- Work instruction
Pick out each line below containing "viral".

- Information supplied

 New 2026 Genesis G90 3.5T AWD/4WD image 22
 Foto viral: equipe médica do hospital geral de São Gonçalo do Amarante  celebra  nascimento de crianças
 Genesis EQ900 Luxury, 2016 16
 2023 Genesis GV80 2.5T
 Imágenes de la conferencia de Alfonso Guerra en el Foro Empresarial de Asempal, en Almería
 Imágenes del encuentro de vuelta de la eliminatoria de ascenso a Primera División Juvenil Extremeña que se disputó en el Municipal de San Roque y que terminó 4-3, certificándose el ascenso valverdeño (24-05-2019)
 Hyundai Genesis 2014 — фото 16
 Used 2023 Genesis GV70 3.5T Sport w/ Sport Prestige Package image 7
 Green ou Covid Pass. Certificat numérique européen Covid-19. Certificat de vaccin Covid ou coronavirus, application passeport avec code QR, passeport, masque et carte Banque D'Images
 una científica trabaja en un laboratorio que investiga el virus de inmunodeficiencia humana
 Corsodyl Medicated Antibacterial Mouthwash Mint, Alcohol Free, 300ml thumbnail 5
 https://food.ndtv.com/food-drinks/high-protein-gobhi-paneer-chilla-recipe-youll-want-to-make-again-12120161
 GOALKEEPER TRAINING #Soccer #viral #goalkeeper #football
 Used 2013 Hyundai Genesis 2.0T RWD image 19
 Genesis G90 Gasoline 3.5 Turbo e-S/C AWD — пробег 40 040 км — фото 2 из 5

- Answer to the problem
 Foto viral: equipe médica do hospital geral de São Gonçalo do Amarante  celebra  nascimento de crianças
 GOALKEEPER TRAINING #Soccer #viral #goalkeeper #football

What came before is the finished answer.